Vous attendez que les conseils régionaux vous proposent de fusionner. Cela fait dix ans que les vingt et un présidents de conseil régional de votre parti n’ont pas avancé d’un pouce à cet égard !
Plusieurs sénateurs du groupe UMP. Un pouce de gauche !
Vous avez beau jeu de reprendre aujourd’hui le rapport de nos appréciés collègues Jean-Pierre Raffarin et Yves Krattinger. Mais vous prétendez faire confiance aux élus locaux tout en leur interdisant de participer à l’élaboration de la loi, et notamment de siéger dans leur assemblée, le Sénat. Franchement, on a du mal à suivre la logique !

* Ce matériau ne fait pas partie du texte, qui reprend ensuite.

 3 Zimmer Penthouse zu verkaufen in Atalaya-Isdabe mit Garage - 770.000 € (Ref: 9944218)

Derrière l’effet d’annonce, il est à craindre que le soufflé ne retombe. Nous connaissons votre énergie, votre pugnacité. C’est finalement l’espoir des Français. Mais ils ne seront pas longtemps disposés à se satisfaire d’allers-retours et d’engagements qui ne vous engagent pas.

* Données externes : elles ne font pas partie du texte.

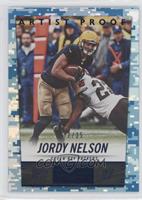 Jordy Nelson #/35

J’aimerais évoquer le monde rural, dont vous n’avez rien dit dans votre déclaration. (Protestations sur les travées du groupe socialiste.) Nous vous demandons d’organiser une « conférence de la ruralité contemporaine » qui nous permette de dépasser la césure entre monde urbain et monde rural, de sortir des clichés et de définir les axes de réussite. Le reste de votre plan de bataille est marqué par le flou et le non-dit. En matière de justice, qu’en est-il de la réforme pénale préparée depuis des mois par Mme Taubira ? Votre opposition à la ligne de Mme la garde des sceaux est bien connue. Or vous êtes désormais celui qui tranche.
Cette réforme est-elle enterrée, comme vous l’avez manifestement souhaité, ou simplement reportée ? De même, qu’en sera-t-il pour la réforme constitutionnelle du parquet ? Pourquoi n’avons-nous aucune réponse sur le sujet ?
Il en est de même sur l’écologie. Depuis le début du quinquennat, nous avons eu quatre ministres différents en deux ans, 20 % de coupes budgétaires et aucun acte notable malgré deux conférences gouvernementales ! Comment pouvez-vous parler de transition énergétique ?
Je pourrais également évoquer l’Europe, mais je préfère m’en tenir là… Le message adressé lors des élections municipales a été clair. Dans leur très grande majorité, nos concitoyens ont dit : « Stop ! Changeons de politique ! » À vous maintenant de joindre les actes à vos engagements. Je fais le vœu sincère que vous y parveniez. Toutefois, je regrette moi aussi que nous ne puissions pas voter sur votre déclaration. Certes, c’est votre droit d’en décider ainsi ; ce sont les institutions qui veulent cela. Mais je vous le dis avec tout le respect lié à votre fonction, monsieur le Premier ministre, devant d’aussi faibles garanties, nous n’aurions malheureusement pas voté la confiance. (Applaudissements sur les travées de l’UDI-UC et de l’UMP.)